Chapter 23
There was dust and sand everywhere, choking the air, burning his eyes, his nose, his mouth. He couldn’t see, he could barely breathe, but he knew he had to keep moving or his men would die.
They would die, and that would be on his head even if he died too. His legacy. A failure. The cause of so many deaths.
Mom’s voice. No, not that car. Afghanistan. That car. A grenade. Had to get out or down or something.
So he pressed forward. Except he didn’t have his pack or his gun. He didn’t have anything to fight with. He was in this swirling mass of a desert, defenseless, with men to save, and he had nothing.
Something touched him and he whirled to fight it off with his bare hands, but he was knocked flat, and after a few disorienting moments, he realized he was…
Montana.
Home.
Not a soldier. Not a SEAL. Not anymore.
He blinked up at the figure before him. Jack.
“Hey,” he offered, though the response came out scraped raw.
“Care to explain?” Jack asked in an even tone that failed to hide the myriad emotions in his expression.
“Nope.” Alex swallowed, trying to coat his dry throat with something, anything. He realized then he was sitting on the floor of the bunkhouse, breathing heavily, heart pounding wildly, fictions mixing with truths in his brain.

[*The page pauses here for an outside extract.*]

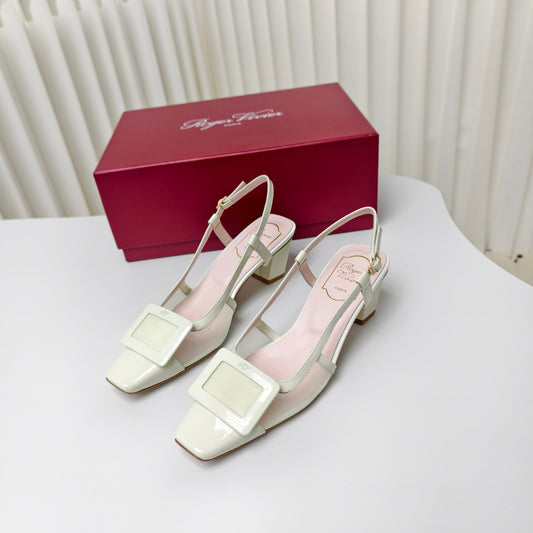 ROGER VIVIER 25S BELLE VIVIER SLINGBACK PUMPS 45MM IN LIGHT SAGE MESH FABRIC - 34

“Did I…” He’d felt a touch and he’d tried to fight it, hadn’t he? He tried to focus on his surroundings and clear the fog away. Tried to breathe and think and…
Fuck, this was so not good. Not with a bystander. Not in the middle of the day. In the bunkhouse.
“Did you go after me?” Jack supplied, still maddeningly even and so Jack. Cool and vaguely furious. “Kind of, but I knocked you down when you lunged at me, which is a reflex I’m not particularly happy about myself.”
“I’m fine.”
“No. No, that is increasingly not true. For any of us.”
Alex couldn’t believe that. Maybe it was true things weren’t going quite the way he wanted them to be going. But that just meant he needed to try harder. Focus more. He had to be more aware of his surroundings and do better at noticing when things weren’t quite copacetic.
That didn’t mean things were getting worse. It just meant he needed to be more careful. He’d gotten lenient. He’d been enjoying things too much lately and letting his guard down. He needed to focus again and work on being in tune with everything.
He needed to finish this fucking bunkhouse. They needed to get men here. Once that mission was completed…
This didn’t have to mean something, and it didn’t have to be a big deal. He got up off the ground and brushed the dirt off his pants. They’d made good progress on the bunkhouse. That’s what was important. If the whole idea of exercising himself into not having nightmares was making him have them during the day, well, then he would change what he was doing.
It wasn’t getting worse. He refused to accept that.
“Alex. This is not good.”
“It’s fine,” Alex returned, looking around and trying to remember what he’d been working on.
“Look. Nightmares are one thing. We all have them and probably always will, but the middle of the day? Anyone could’ve walked in here. Becca could have been the one to walk in here.”
“What are you saying? I’m some kind of threat to Becca?” Alex demanded, a sick feeling he refused to name sinking into his gut.
“I don’t know. All I know is I walk in here and you lunged at me. Maybe if I thought you took that seriously I wouldn’t be concerned, but you refuse to accept that this isn’t normal.”
“It was nothing. I must’ve dozed off. I’ve been working really hard.” He’d change that. He’d fix it.
“Alex, you were wide awake. You were moving through here like you were in some fucking war zone. Having, you know, been there with you when you’ve done that, I know.”